Le Divorce (dir. James Ivory, USA/France: 2003), 117 mins.

Based on the novel by Diane Johnson, Le Divorce illustrates contrary American and French views regarding marriage, divorce and adultery. An obvious conclusion can be drawn from the work of director James Ivory - that these stereotypes are wholly incompatible.

Naomi Watts stars as Roxeanne, a pregnant American mother living in Paris, whose husband Charles-Henri wishes a divorce on account of his love for a young married Russian woman, Magda. Isabel (Kate Hudson), sister to Roxeanne, who arrives to visit from California in the same instant that Charles moves out, tries to take on a supportive role but is seduced by Charles' urbane uncle, Edgar. A continuous entanglement of bitter affairs dominates the plot of Le Divorce, with relatives on both sides amplifying the conflict. Charles-Henri's ostentatious family, for example, wish to exert their 50-50 property rights over a valuable La Tour painting belonging to Roxeanne - a move vigorously contested by Roxanne's stereotypically brash American family.

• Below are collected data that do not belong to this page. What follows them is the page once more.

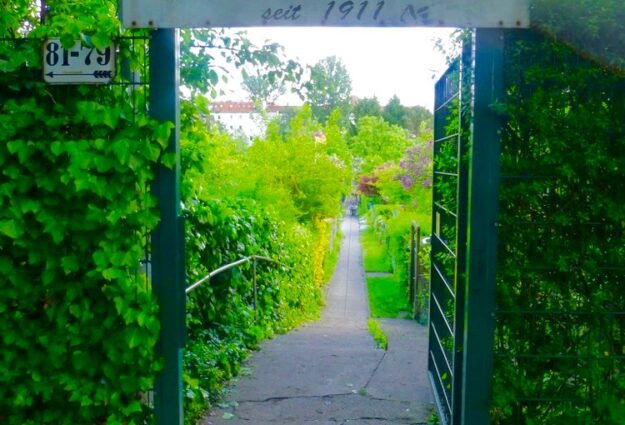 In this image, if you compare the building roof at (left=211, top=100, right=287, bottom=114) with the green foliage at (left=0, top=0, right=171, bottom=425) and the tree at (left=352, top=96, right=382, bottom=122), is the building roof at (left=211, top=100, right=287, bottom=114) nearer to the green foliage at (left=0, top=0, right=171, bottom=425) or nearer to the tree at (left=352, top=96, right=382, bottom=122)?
the green foliage at (left=0, top=0, right=171, bottom=425)

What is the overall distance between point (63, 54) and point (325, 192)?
15.8 metres

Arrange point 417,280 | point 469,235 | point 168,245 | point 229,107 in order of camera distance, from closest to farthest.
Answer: point 469,235 → point 168,245 → point 417,280 → point 229,107

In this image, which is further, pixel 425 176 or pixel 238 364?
pixel 425 176

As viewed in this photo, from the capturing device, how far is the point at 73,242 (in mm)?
3672

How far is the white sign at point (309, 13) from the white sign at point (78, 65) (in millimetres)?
253

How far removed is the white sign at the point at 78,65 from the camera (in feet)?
11.7

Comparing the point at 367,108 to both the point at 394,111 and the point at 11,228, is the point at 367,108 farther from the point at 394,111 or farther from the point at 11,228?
the point at 11,228

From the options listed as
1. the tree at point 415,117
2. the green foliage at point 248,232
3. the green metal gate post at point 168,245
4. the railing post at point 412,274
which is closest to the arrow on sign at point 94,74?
the green metal gate post at point 168,245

The style and content of Le Divorce is, in short, messy. Its sprawling narrative, blemished with unnecessary sub-plots, shows definite room for improvement. The genre of romantic comedy, in this particular set of circumstances, fails abysmally. The dramatic and moving nature of heartbroken Roxanne's suicide attempt simply does not fit in with Isabel's half of the story, which skips along like a light comedy. In addition, the inclusion of Magda's sadistic, gun-wielding husband simply does not complement the following scene - the magical realism of a red Hermès handbag floating across the Paris skyline towards the Centre Pompidou (a blatant and shoddy rip-off of The Red Balloon, a far superior film). Do not be fooled by the dazzling supporting cast of Le Divorce (Glenn Close, Stephen Fry, Matthew Modine, Stockard Channing et al) or by its polished production values: as a piece of cinema, it's relentlessly boring.